> Required work
Word for word, restate the data that follows, omitting the images.

> Input data
--- START ---
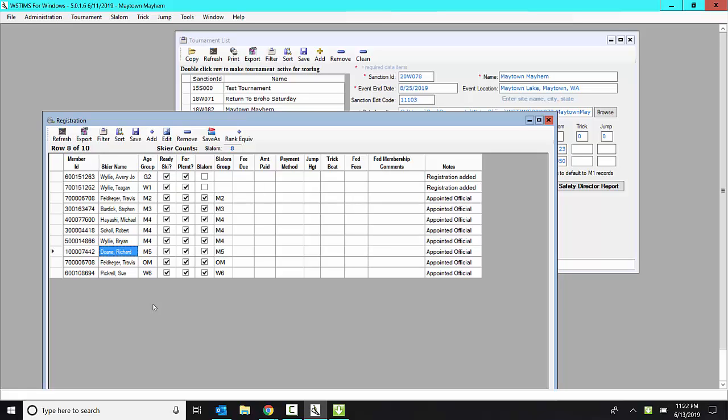I know it's accurate. I know they're active members of AWSA WaterSki. And I know this is their most current data. That's what I would do for every skier that you plan to add.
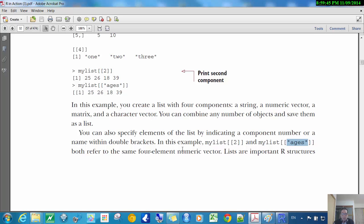So these both refer to the same four-element numeric vector, right? This and this are the same thing. But if you use the single brackets, it's not the same thing. That's what I've been trying to say.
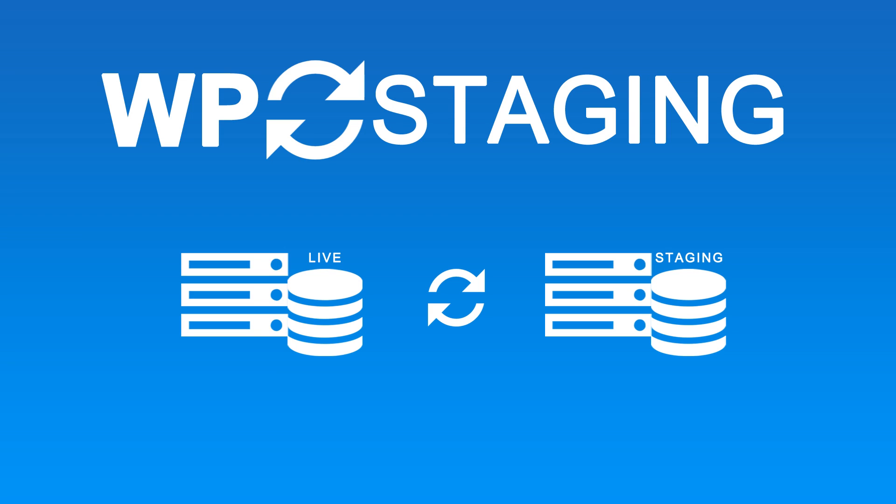Hi there, René here. I'm the lead developer of WP Staging. Today I'm going to show you the long-awaited new feature, database migration.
--- END ---
> Response area
I know it's accurate. I know they're active members of AWSA WaterSki. And I know this is their most current data. That's what I would do for every skier that you plan to add.
So these both refer to the same four-element numeric vector, right? This and this are the same thing. But if you use the single brackets, it's not the same thing. That's what I've been trying to say.
Hi there, René here. I'm the lead developer of WP Staging. Today I'm going to show you the long-awaited new feature, database migration.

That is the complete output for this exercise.